I carried a pad with me to be able to communicate, and soon realized that it would be extremely difficult to have an argument with someone if you couldn't speak. Talking is easy and quickly done. Writing takes much more time! Blurting out angry words is instantaneous. Having to write them down, you will quickly conclude that an argument is just more trouble than it's worth. It would be much easier to smile and get along with the other person.

As another nun pointed out, losing one's voice was an extreme way of not committing verbal karmas and not all that practical as advice. Fortunately, we don't need to lose our voice to achieve the same result. We can just talk less—a lot less.

As I learned that day, most of the talking we think is necessary is, in reality, completely unnecessary.

 

Saturday
Jul142007

Truth (Eyes of the Beholder)

956849-875859-thumbnail.jpg"One leisurely evening, a king asked a certain courtier, 'You appear to be a man of integrity. Why is it that you are the target of so much criticism, slander and hatred?'
 

The official replied, 'Your Majesty, when the torrential rains of spring arrive, farmers are elated because their fields are well-irrigated. Pedestrians, on the other hand, are unhappy because the streets are muddy and slippery. When the summer moon is as clear and bright as a mirror, poets and writers rejoice at the opportunity to travel and compose couplets and poems, while thieves and felons are distressed at the brightness of the moonlight! If even the impartial heaven and earth are the object of blame and resentment, love and hate, how can this subject of yours, imperfect and full of blemishes, escape denigration and criticism?

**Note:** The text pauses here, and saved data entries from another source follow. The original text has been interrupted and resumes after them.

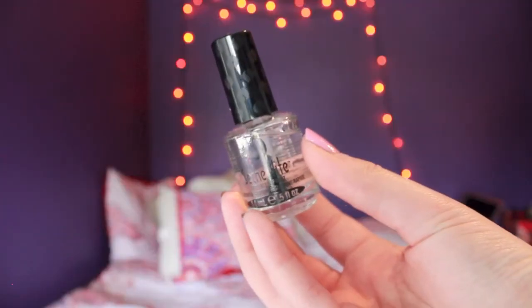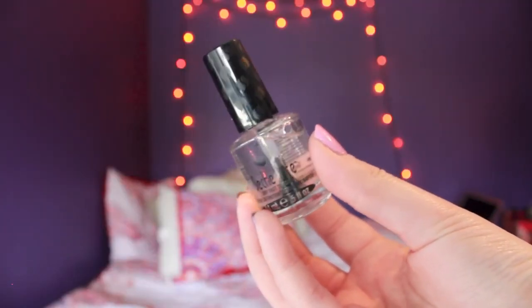The next product that's totally changed how I paint my nails is the Seche Vite Dry Fast Top Coat. Your nails are very shiny and it dries so quickly it's insane. These two together are a match made in heaven. It suggests using their own top coat, but I didn't — if you try their top coat and like it, let me know in the comments.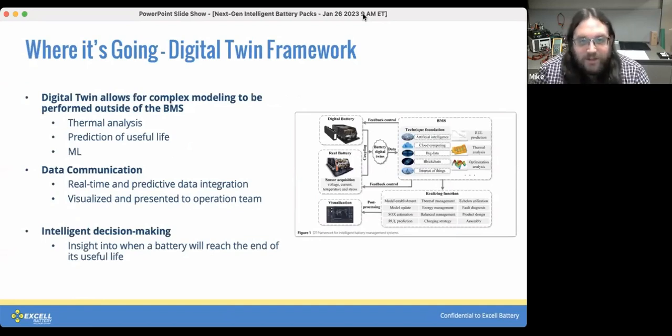The connection to that cloud management system allows for much more complex modeling to be performed outside of the BMS, since you're not relying on a small, low-power microcontroller. You can do more interesting things like thermal modeling or use a machine learning algorithm to predict the useful life of a battery system. Having access to that data would let you make more informed decisions about maintenance and replacement of an entire fleet of batteries — replacing them when they're actually needed rather than on a set schedule.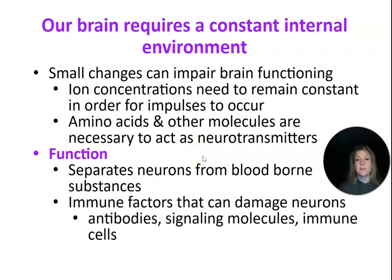Our brain tissue is really sensitive and very small changes can really change the way that our brain functions. Maybe you've seen somebody who has diabetes or hypoglycemia — if their blood sugar gets too high, they can become unconscious, and if it goes too low, they can start to become combative or even go unconscious as well. So things like glucose and ion concentrations need to remain constant in order for action potentials generated down our axons to actually occur. We also need to make sure our neurons get enough amino acids and other molecules so they can create the neurotransmitters necessary to propagate action potentials. Their function is just to separate the neurons from blood-borne substances, and immune factors can definitely damage our nerve tissue.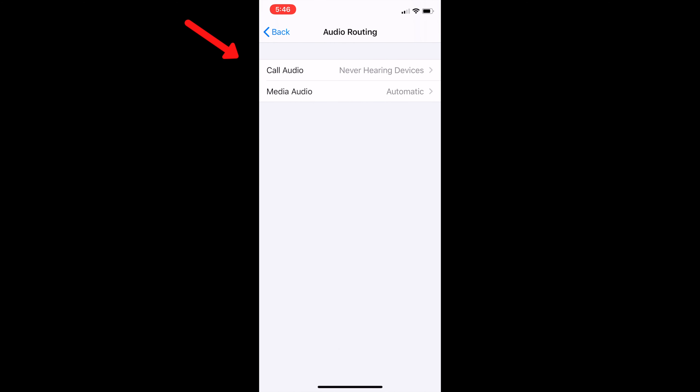Now, if you've played with this screen before, it may say automatic or it may say something different. But if you would like to turn off that streaming, make sure that you have a checkmark by Never Hearing Devices. That way, the phone call will not stream directly to your hearing devices automatically. Now if you change your mind in the future and want to undo this change, you can come back and select Automatic. But for now, if you would like to turn off that streaming, select Never Hearing Devices.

'Thus, I venture to think, we should remain calm in the face of praise or criticism, think it over, and not rush to believe it. If a king believes gossip, his subjects lose their lives; if parents believe gossip, their children are hurt; if brothers and sisters, husbands and wives, believe words of gossip, they experience separation; if relatives, friends and neighbors believe gossip, they sever relations with one another. Fault-finding is really more noxious than snakes and serpents, sharper than swords and knives, killing without spilling a single drop of blood.'

~ Thus Have I Heard, Translated by the Sutra Translation Committee

 

Friday
Jul132007

I'll Pass on that Portion of Blame, Thank You

Causality, action and consequence, can help us to understand why good people have bad things happen to them. With the right conditions causes will mature as consequences. Very often the cause and the consequence do not occur in the same lifetime. So while causality assures us that there was a cause, we usually don’t know what it was. We just see the consequence.

We learn the principle of causality not to be able to blame the person who is suffering from their negative consequences. Blame should never enter our minds. Why? Because we’ve done terrible things ourselves so we’re in no position to throw stones. Second, blaming does nothing to solve the problem or improve the future.

This is especially important when we learn of an abusive situation. Both the abuser and the abused are caught up in an extremely complex karmic chain of events that we—and they—are unaware of.

Seeking to punish, we will not be able to rehabilitate and educate both parties. And without rehabilitation and education, this cycle of violence will continue. And having planted our own negative seeds in angrily wanting punishment, we will have laid the groundwork for our own suffering in the future.